§ ACTION ITEM:
Every line of the listing must be reproduced as it stands. Leave the images behind.

§ DATA SECTION:
:::
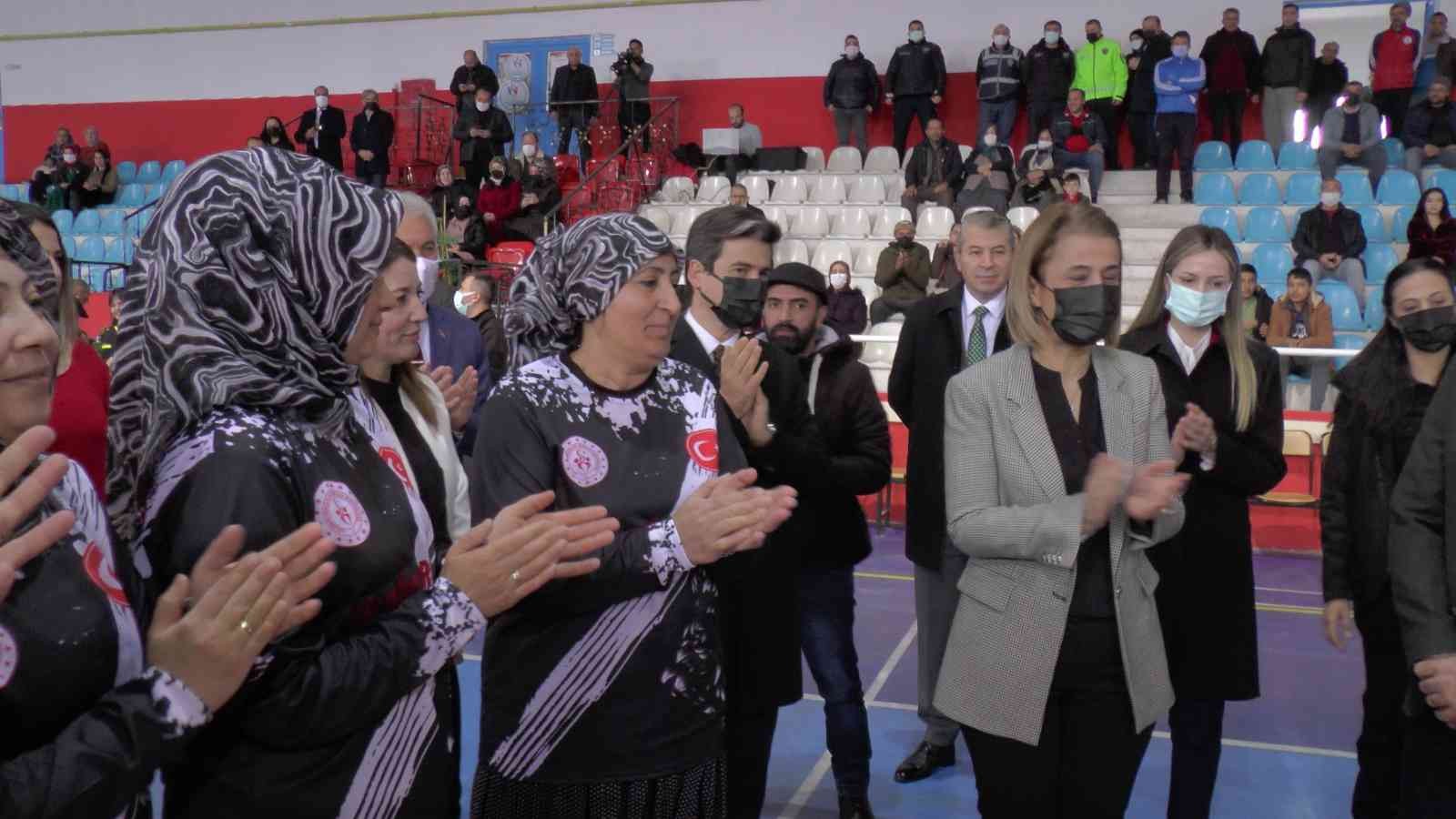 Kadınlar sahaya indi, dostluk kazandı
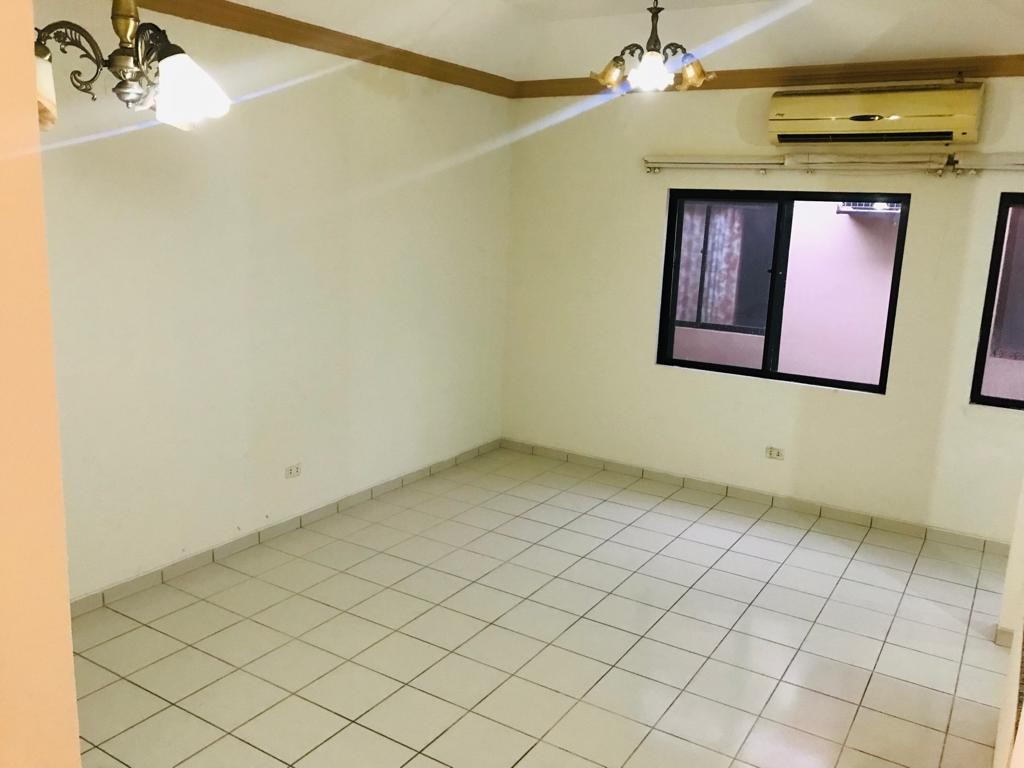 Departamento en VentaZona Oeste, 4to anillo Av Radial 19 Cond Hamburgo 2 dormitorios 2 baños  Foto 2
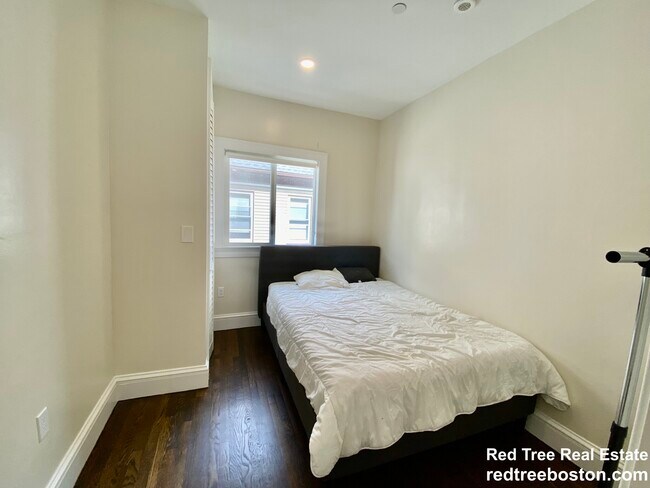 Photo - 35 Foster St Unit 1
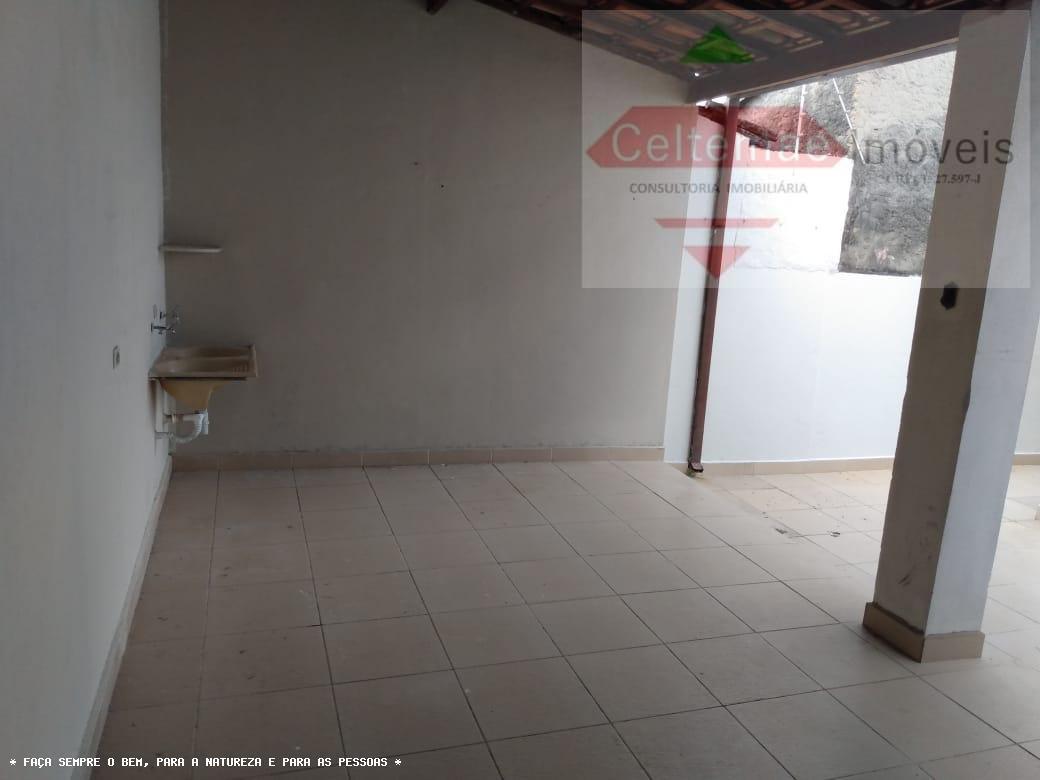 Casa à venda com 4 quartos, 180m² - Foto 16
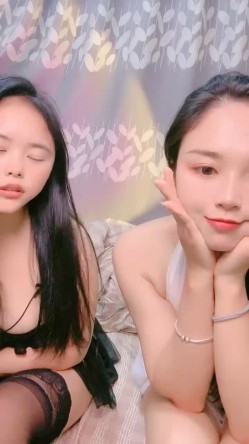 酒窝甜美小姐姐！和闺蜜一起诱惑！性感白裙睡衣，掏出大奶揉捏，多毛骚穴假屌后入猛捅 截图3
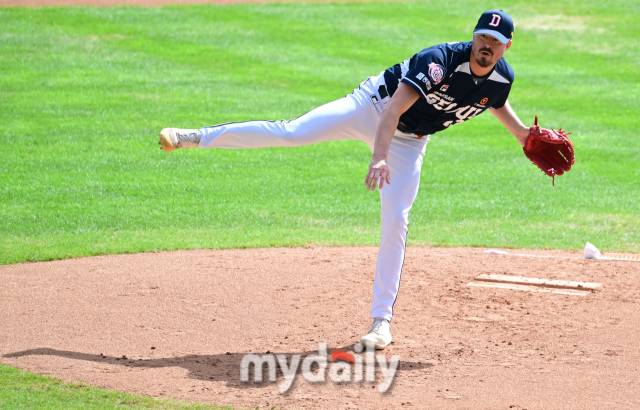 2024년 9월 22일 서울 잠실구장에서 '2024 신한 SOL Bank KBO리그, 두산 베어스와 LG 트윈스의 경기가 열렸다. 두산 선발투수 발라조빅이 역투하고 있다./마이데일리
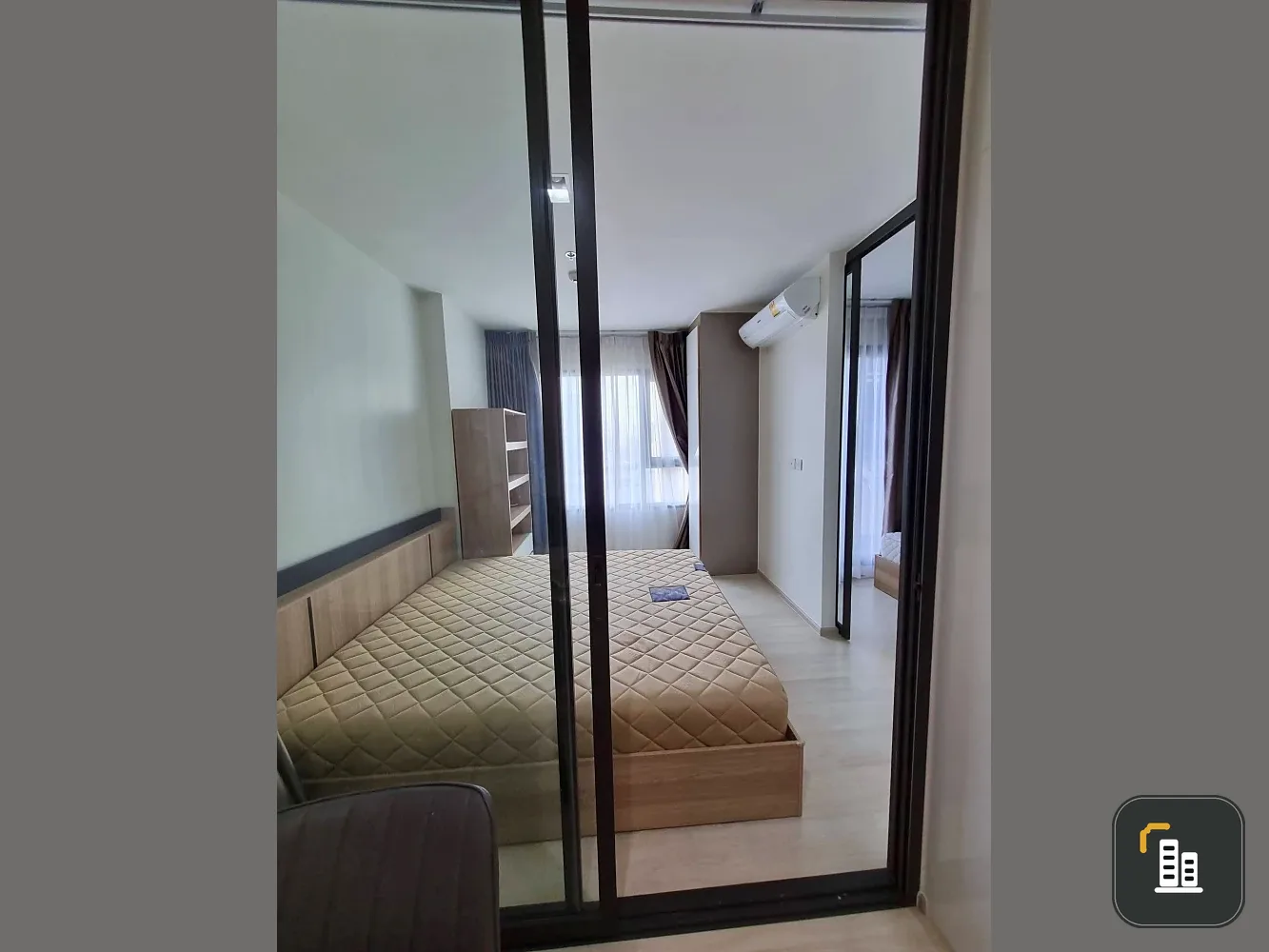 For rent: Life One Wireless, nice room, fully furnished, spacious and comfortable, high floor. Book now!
:::
§ EXERCISE SOLUTION:
 Kadınlar sahaya indi, dostluk kazandı
 Departamento en VentaZona Oeste, 4to anillo Av Radial 19 Cond Hamburgo 2 dormitorios 2 baños  Foto 2
 Photo - 35 Foster St Unit 1
 Casa à venda com 4 quartos, 180m² - Foto 16
 酒窝甜美小姐姐！和闺蜜一起诱惑！性感白裙睡衣，掏出大奶揉捏，多毛骚穴假屌后入猛捅 截图3
 2024년 9월 22일 서울 잠실구장에서 '2024 신한 SOL Bank KBO리그, 두산 베어스와 LG 트윈스의 경기가 열렸다. 두산 선발투수 발라조빅이 역투하고 있다./마이데일리
 For rent: Life One Wireless, nice room, fully furnished, spacious and comfortable, high floor. Book now!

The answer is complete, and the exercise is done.